Abstract Aim Arthroplasty procedures are commonly performed in the UK. For each procedure informed consent is required. To obtain informed consent the patient and their surgeon should discuss the risks and benefits of the proposed operation, including complication rates. In the literature the regional complications of arthroplasty are generally well documented. The systemic medical complications are less well described. This lack of accurate data could make it difficult for the treating surgeon to obtain valid consent. The aim of this paper was to review and compare the literature regarding the rate of systemic medical complications after common arthroplasty procedures. Method A literature search was conducted using the PubMed, Cochrane Library and MEDLINE databases. Studies regarding the systemic medical complications and mortality rate of joint replacement published within the last 10 years were included.

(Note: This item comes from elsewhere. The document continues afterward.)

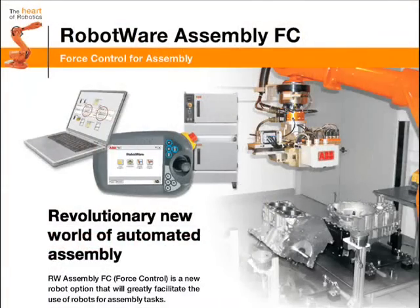With RobotWare Assembly Force Control, it's now possible to automate assembly tasks which earlier required skilled personnel.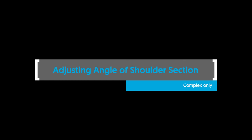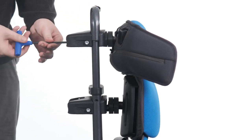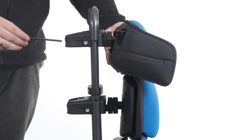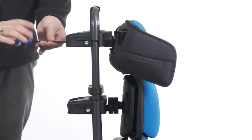Adjusting angle of shoulder section — complex only. To adjust the angle of the complex clamp, loosen the bolts of the clamp. Adjust the angle by rotating the backrest section in all axes to the desired position. Tighten the bolts to secure in position.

Any studies focusing purely on regional complications, non-English language or with no full text available were excluded. Results We found that systemic complications were more frequent than regional complications following arthroplasty. The systemic complication rates were hip: 5.1%, knee: 6.9%, ankle: 3.0%, shoulder: 11.2%, elbow: 8.5% and wrist: 0%. The most common systemic medical complication following arthroplasty was venous thromboembolism. Pre-operative co-morbidity was the most important risk factor for both post-operative mortality and systemic medical complications following arthroplasty procedures. Conclusions We recommend that to obtain informed consent for arthroplasty procedures, the given rates of systemic medical complications of joint replacement should be discussed and documented.